• Try it
For the entries below, repeat exactly each line starting with the one that contains "a black table" and going on through the one that contains "Why not? | Fearless", and no others.

*** Records provided Section Begins ***

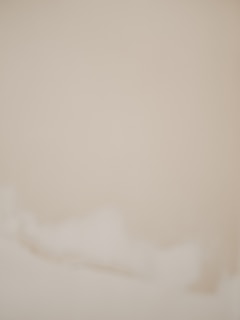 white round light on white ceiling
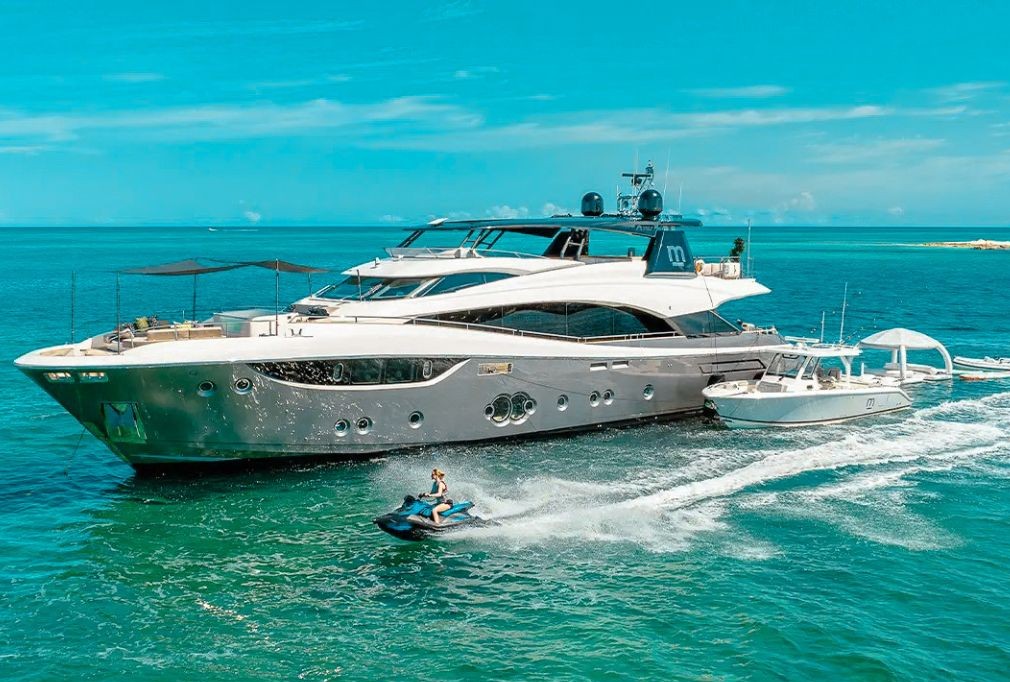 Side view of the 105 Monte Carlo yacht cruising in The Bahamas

*** Records provided Section Ends ***
*** Records provided Section Begins ***

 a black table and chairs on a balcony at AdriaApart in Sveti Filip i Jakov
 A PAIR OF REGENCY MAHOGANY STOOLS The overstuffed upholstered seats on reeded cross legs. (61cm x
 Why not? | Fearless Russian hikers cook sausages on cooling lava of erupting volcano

*** Records provided Section Ends ***
*** Records provided Section Begins ***

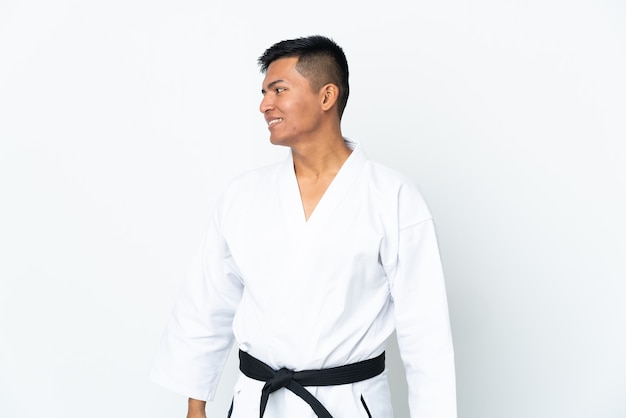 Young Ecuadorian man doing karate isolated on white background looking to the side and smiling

*** Records provided Section Ends ***

• Final answer
 a black table and chairs on a balcony at AdriaApart in Sveti Filip i Jakov
 A PAIR OF REGENCY MAHOGANY STOOLS The overstuffed upholstered seats on reeded cross legs. (61cm x
 Why not? | Fearless Russian hikers cook sausages on cooling lava of erupting volcano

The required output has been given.